The News: According to a new Gallup survey, a majority of Democrats have a more positive image of socialism than of capitalism.
The Background: Since 2010 Gallup has asked Democrats and Republicans whether they have a positive or negative image of small business, entrepreneurs, free enterprise, capitalism, big business, the federal government, and socialism.
Since 2010, a majority of Democrats have expressed a positive image of socialism. But this is the first year that less than a majority (47 percent) has a positive image of capitalism.
Until this year, the gap between a positive view of capitalism and a positive view of socialism has stayed within two percentage points (2010: 53/53; 2012: 55/53; 2014: 56/58; 2018: 47/57). In contrast, Republicans have consistently preferred capitalism by a margin of 50 percentage points (2010: 72/17; 2012: 72/23; 2016: 68/13; 2018: 71/16).
Older Americans have been consistently more positive about capitalism than socialism. For those 50 and older, twice as many currently have a positive view of capitalism as of socialism. The opposite it true of younger Americans. Those aged 18 to 29 are as positive about socialism (51 percent) as they are about capitalism (45 percent). According to Gallup, this represents a 12-point decline in young adults’ positive views of capitalism in just the past two years and a marked shift since 2010, when 68 percent viewed it positively.
The Principle: #31 — Socialism, as historically defined and practiced, is incompatible with Christian anthropology and impedes human flourishing. (For a list of the principles and links to relevant articles, see this post.)
The Analysis: There are numerous factors that have contributed to the rise in popularity of socialism. But one of the most overlooked is the role of conservative rhetoric.
For most Christian conservatives who were adults prior to the end of the Cold War in 1991, the term socialist carries obvious connotations of atheism and totalitarianism. We associate the term with the Union of Soviet Socialist Republics and the Democratic Socialist Party of communist China.

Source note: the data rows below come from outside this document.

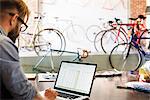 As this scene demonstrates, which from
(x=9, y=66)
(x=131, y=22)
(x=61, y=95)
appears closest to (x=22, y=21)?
(x=9, y=66)

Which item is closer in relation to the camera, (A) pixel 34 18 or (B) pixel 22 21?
(B) pixel 22 21

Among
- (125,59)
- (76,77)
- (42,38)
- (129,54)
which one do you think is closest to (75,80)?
(76,77)

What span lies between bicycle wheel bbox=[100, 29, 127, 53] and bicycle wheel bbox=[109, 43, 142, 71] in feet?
1.97

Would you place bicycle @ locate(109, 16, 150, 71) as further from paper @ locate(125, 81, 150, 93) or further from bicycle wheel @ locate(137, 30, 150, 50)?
paper @ locate(125, 81, 150, 93)

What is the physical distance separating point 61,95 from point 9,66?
655 mm

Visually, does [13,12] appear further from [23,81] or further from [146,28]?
[146,28]

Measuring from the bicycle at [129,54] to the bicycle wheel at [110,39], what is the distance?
467 millimetres

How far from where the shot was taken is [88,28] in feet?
22.9

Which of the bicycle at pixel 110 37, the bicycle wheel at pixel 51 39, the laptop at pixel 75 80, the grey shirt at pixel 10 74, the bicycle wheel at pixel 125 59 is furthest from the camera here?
the bicycle at pixel 110 37

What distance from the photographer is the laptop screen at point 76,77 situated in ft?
5.67

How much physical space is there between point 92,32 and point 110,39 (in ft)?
1.46

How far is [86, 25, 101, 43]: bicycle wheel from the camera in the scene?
6.97 meters

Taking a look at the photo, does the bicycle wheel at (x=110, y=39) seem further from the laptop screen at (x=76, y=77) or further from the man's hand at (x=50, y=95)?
the man's hand at (x=50, y=95)

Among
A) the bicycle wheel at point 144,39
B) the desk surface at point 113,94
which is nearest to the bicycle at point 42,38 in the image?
the bicycle wheel at point 144,39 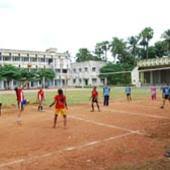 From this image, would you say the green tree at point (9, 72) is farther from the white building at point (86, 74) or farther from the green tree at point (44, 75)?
the white building at point (86, 74)

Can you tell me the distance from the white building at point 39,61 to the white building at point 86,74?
250 centimetres

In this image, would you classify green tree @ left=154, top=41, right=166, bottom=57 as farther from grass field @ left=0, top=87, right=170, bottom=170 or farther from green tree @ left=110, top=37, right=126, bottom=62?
grass field @ left=0, top=87, right=170, bottom=170

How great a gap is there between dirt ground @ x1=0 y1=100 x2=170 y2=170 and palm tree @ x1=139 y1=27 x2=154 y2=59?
8446 cm

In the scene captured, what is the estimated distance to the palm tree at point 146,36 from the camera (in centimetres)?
10094

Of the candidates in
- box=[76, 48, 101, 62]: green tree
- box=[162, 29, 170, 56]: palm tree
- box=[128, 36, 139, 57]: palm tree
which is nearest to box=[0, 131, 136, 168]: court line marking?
box=[162, 29, 170, 56]: palm tree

But for the younger generation the connotation of socialism are very different. The oldest Millenials were only in third grade when the Berlin Wall fell, but they were out of college by the time of the Great Recession. For them, socialism is associated more with Norway than with Venezuela and capitalism is associated with their pessimistic perspective on the economy.

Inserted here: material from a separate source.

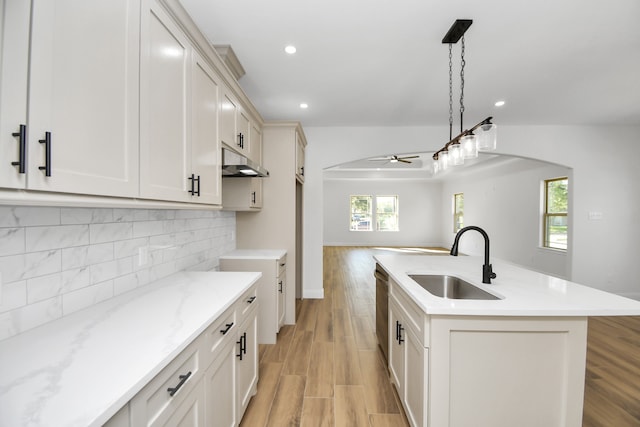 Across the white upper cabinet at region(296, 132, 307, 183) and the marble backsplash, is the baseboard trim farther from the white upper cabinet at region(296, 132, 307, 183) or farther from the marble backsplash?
the marble backsplash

When they hear conservatives claim “Obamacare is socialism” it doesn’t cause them to like Obamacare less, it makes them like socialism more. Their reasoning goes something like this: “I like A, and if A is like B, I should like B too.”

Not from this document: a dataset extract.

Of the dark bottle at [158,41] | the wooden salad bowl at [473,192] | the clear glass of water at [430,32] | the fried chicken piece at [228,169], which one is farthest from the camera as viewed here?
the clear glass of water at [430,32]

Expecting people to change their minds about a policy simply because we claim is it “socialism” no longer works (and hasn’t been all that effective since the New Deal era). If we’re going to persuade young people of the dangers of socialism we need to attempt to be persuasive. It’s time we abandon our lazy use of “argument by pejorative label” and start explaining why socialism impedes human flourishing.